━━ Data supplied
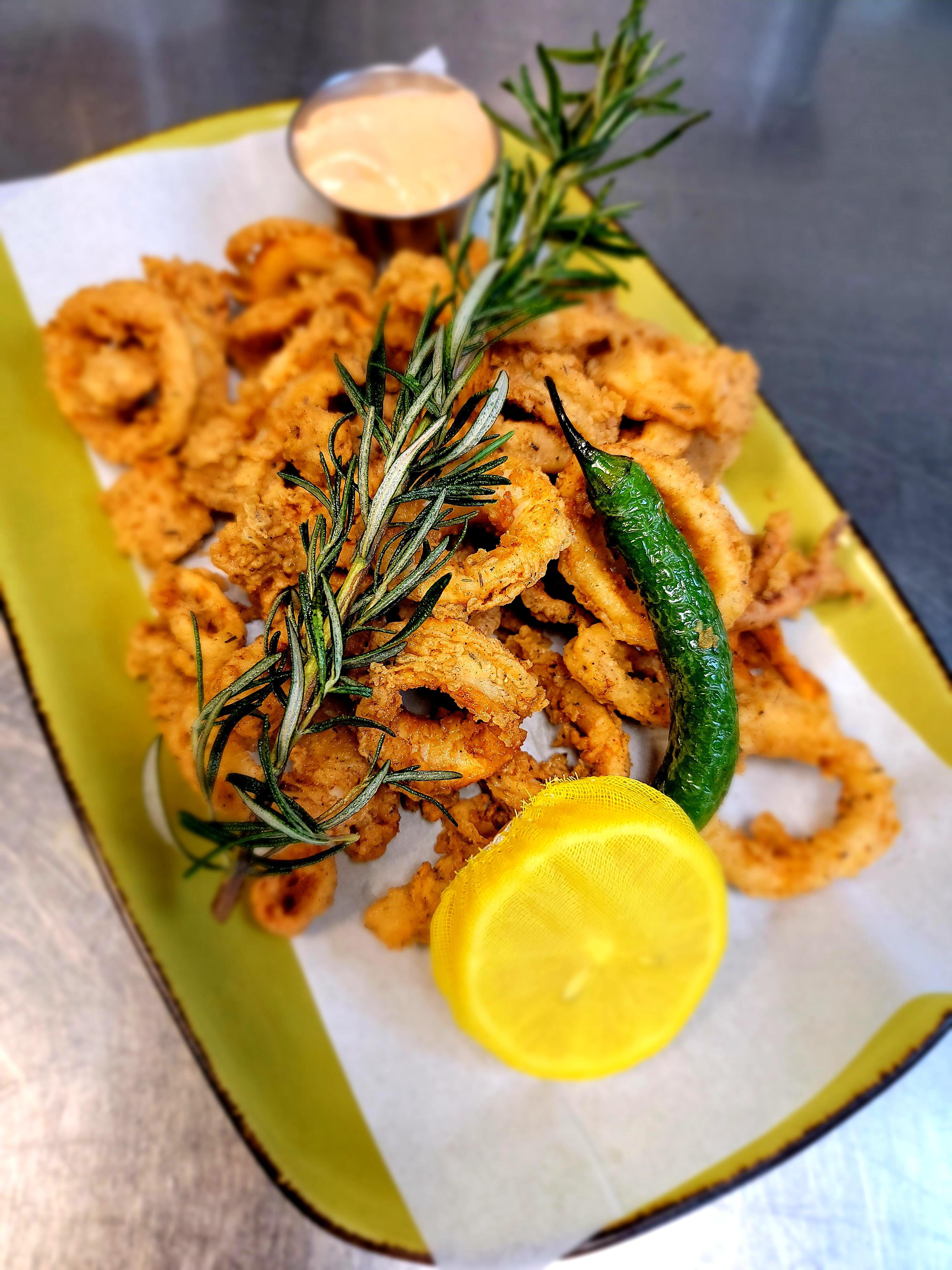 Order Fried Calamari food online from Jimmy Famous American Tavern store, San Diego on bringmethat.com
━━━━
━━ Data supplied
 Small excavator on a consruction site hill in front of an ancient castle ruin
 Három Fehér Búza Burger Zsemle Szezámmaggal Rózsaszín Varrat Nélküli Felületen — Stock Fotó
━━━━
Every line from the line containing "Small excavator on" through the line containing "Három Fehér Búza" in the records above must be retyped exactly. Leave out the rest.

▸ **Your response**:
 Small excavator on a consruction site hill in front of an ancient castle ruin
 Három Fehér Búza Burger Zsemle Szezámmaggal Rózsaszín Varrat Nélküli Felületen — Stock Fotó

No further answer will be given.